After 24 years, U.S. automakers have finally trumped import brands in a J.D. Power quality survey in the United States.
U.S. manufacturers overall beat out (slightly) the reliability rating of imports in the J.D. Power & Associates' latest quality study with an average of 108 problems per 100 new vehicles. For import brands, it was 109.
Ford was tops amongst volume brands with an average of 93 problems per 100 vehicles, coming in ahead of Honda which scored 95. Ford and GM together had 22 vehicles in the top rankings for quality.
"This is a landmark in the quality history of the auto industry," said David Sargent, head of global vehicle research at J.D. Power & Associates, in the L.A. Times story.

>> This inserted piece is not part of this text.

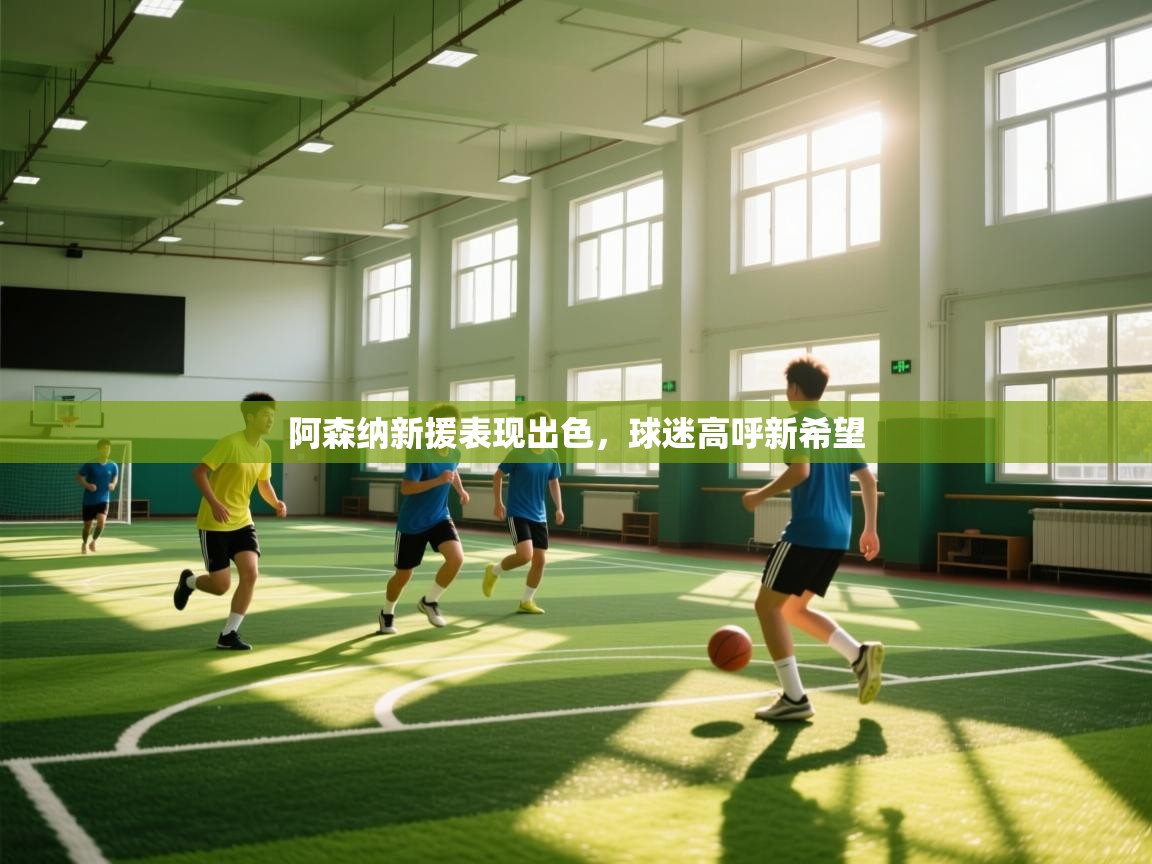 阿森纳新援表现出色，球迷高呼新希望  第2张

American brands have been plagued for years with perceptions of poor quality - based largely on these types of surveys which always concluded that, overall, import brands were of better quality and reliability than domestics. In 2000, for example, U.S. brands scored a very poor 164.

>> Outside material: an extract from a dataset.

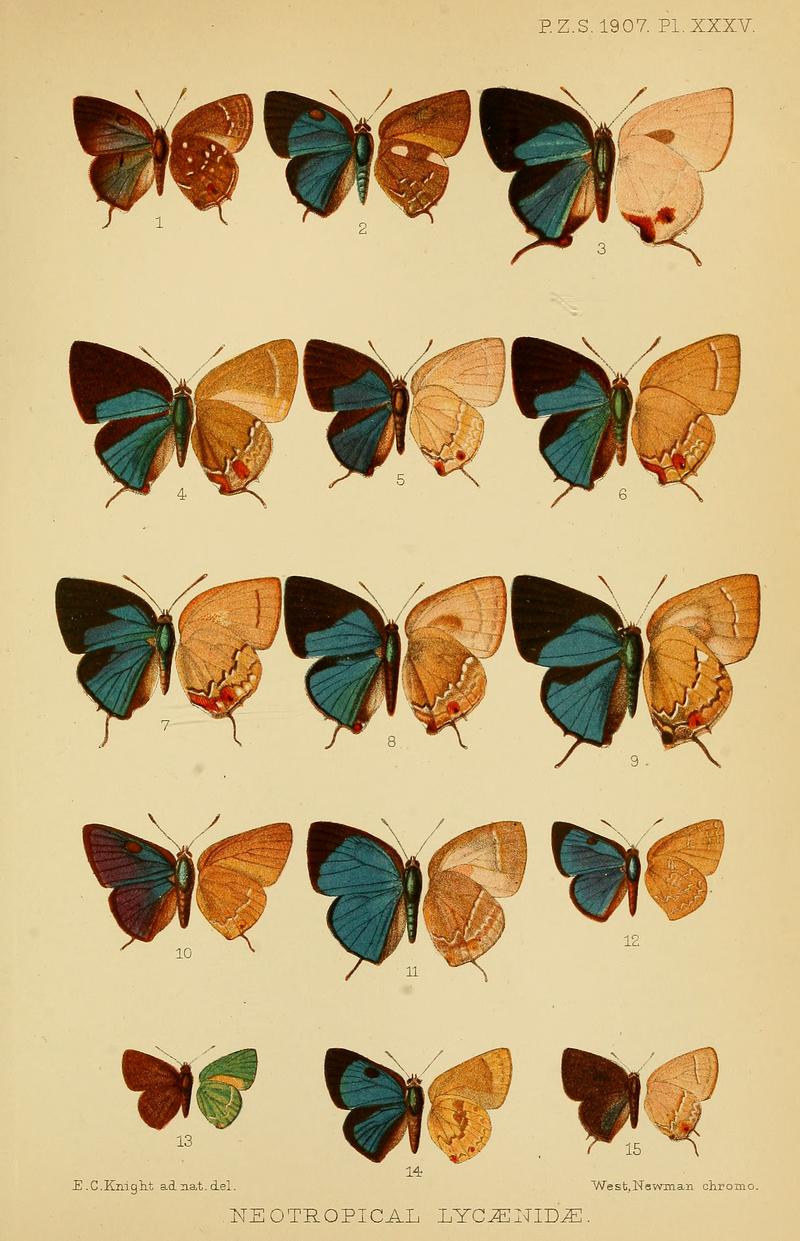 Neotropical Eumaeini butterflies upper left and underwings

Historically, one of the top performing marques was Toyota, which now ranks 21st overall with a score of 117, having fallen precipitously from last year's 6th place after millions of 2010 models were recalled recently due to accelerator problems. This was the first time Toyota came in below the average.
As for European brands, the results were mixed with two of them bookending the list. Porsche topped the quality survey overall with only 83 problems per 100 new vehicles while Land Rover was at the bottom with 170. Stylish nameplate MINI also scored poorly with 113 defects per 100 vehicles sold.